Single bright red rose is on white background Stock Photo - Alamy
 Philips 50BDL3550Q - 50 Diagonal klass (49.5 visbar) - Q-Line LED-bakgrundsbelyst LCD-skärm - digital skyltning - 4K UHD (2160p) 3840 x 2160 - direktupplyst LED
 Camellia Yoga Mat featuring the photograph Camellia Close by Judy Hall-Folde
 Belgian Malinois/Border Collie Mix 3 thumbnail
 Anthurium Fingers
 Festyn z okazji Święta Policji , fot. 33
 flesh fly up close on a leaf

Problem to work on> Your reply should consist only of the lines running from the line with "Camellia Yoga Mat" to the end of the listing, retyped exactly.

Output of the exercise>
 Camellia Yoga Mat featuring the photograph Camellia Close by Judy Hall-Folde
 Belgian Malinois/Border Collie Mix 3 thumbnail
 Anthurium Fingers
 Festyn z okazji Święta Policji , fot. 33
 flesh fly up close on a leaf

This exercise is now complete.